Au début de 1997, l'Inde, la Malaisie, le Pakistan et la Thaïlande ont déposé conjointement une plainte au sujet de l'interdiction d'importer des crevettes et des produits à base de crevettes imposée par les États-Unis. La protection des tortues marines était la raison d'être de l'interdiction.

Dans son rapport, l'Organe d'appel a clairement dit qu'au titre des règles de l'OMC, les pays ont le droit de prendre des mesures commerciales pour protéger l'environnement (en particulier la santé des personnes, des animaux ou la préservation des végétaux) ainsi que les espèces en voie d'extinction et les ressources épuisables. Il ne revient pas à l'OMC de leur « accorder » ce droit.

L'Organe d'appel a également dit que les mesures visant à protéger les tortues marines seraient légitimes au regard de l'article XX du GATT, qui énonce diverses exceptions aux règles commerciales normales de l'OMC, sous réserve que certains critères, notamment la non-discrimination, soient respectés.

Les États-Unis n'ont pas eu gain de cause dans cette affaire, non pas parce qu'ils tentaient de protéger l'environnement, mais parce qu'ils établissaient une discrimination entre les membres de l'OMC . Ils accordaient aux pays de l'hémisphère occidental - essentiellement dans les Caraïbes - une assistance technique et financière et des délais de transition plus longs pour que leurs pêcheurs se mettent à utiliser des dispositifs d'exclusion des tortues.

Ils n'accordaient cependant pas les mêmes avantages aux quatre pays d'Asie (Inde, Malaisie, Pakistan et Thaïlande) qui ont porté plainte devant l'OMC.

Source : Organisation mondiale du Commerce

Sous réserve de ces exceptions, en l'état actuel de son fonctionnement, l'OMC ne traite pas directement de sujets annexes aux questions commerciales .

L'environnement est en effet un sujet traité dans le cadre de l'Organisation des Nations Unies, et c'est dans ce cadre qu'a été signé le Protocole de Kyoto sur le changement climatique ; les droits sociaux sont traités par l'Organisation internationale du travail (OIT) ; la question de la diversité culturelle est prise en charge par l'UNESCO.

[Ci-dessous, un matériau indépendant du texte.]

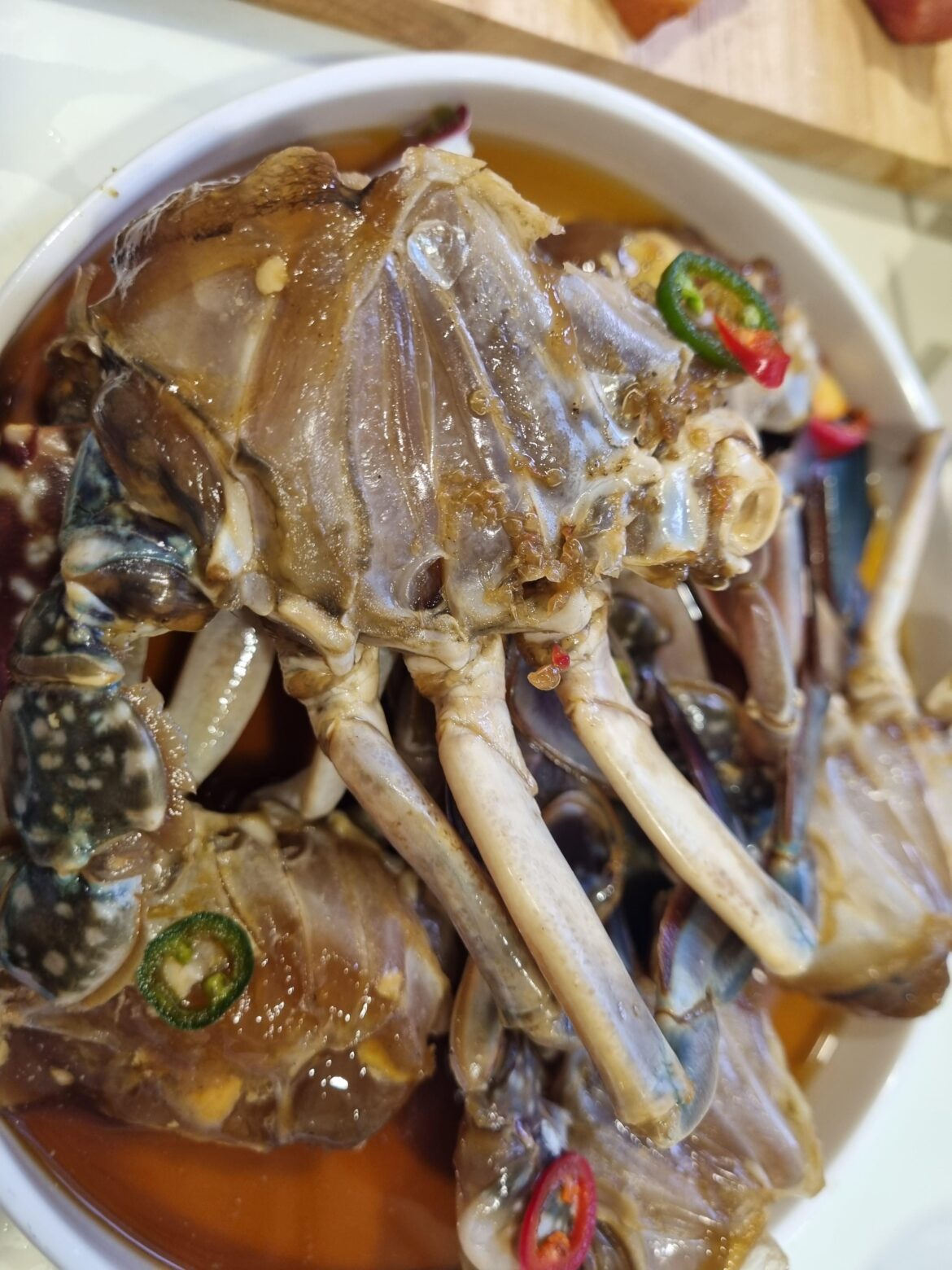 i love 간장게장( Soy Sauce Marinated Crab )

Il est possible de regretter ce cloisonnement , mais il existe des réticences très fortes pour introduire de nouveaux sujets à l'OMC. La question de l'insertion de normes sociales dans les négociations commerciales avait ainsi été posée aux sommets de Seattle et de Doha, mais elle a été rejetée par une grande majorité des États membres. Par ailleurs, le seul fait que des représentants d'institutions ayant en charge ces sujets non commerciaux soient observateurs permanents à l'OMC pose problème et aujourd'hui, la liste des institutions internationales ayant ce statut n'est pas très étoffée : la Conférence des Nations unies sur le commerce et le développement (CNUCED), la Convention cadre des Nations unies sur les changements climatiques (CCNUCC), le Programme des Nations unies pour l'environnement (PNUE), le Programme des Nations unies pour le développement (PNUD) ont le statut d'observateurs permanents, mais la demande de l'Organisation Mondiale de la Santé (OMS) est encore en attente et l'Organisation internationale du travail (OIT) n'est pas représentée.

L'Union européenne a donc choisi la politique suivante : atteindre ses objectifs dans une organisation sectorielle, puis faire le lien entre les accords sectoriels obtenus et les négociations dans le cadre de l'OMC. Ce n'est qu'à ce prix qu'elle a pu créer un mouvement d'entraînement dans le domaine du changement climatique, même si des pays n'ont pas encore signé le Protocole de Kyoto (États-Unis, Brésil, Australie) et, plus récemment, dans le domaine de la diversité culturelle avec la Convention signée à l'UNESCO.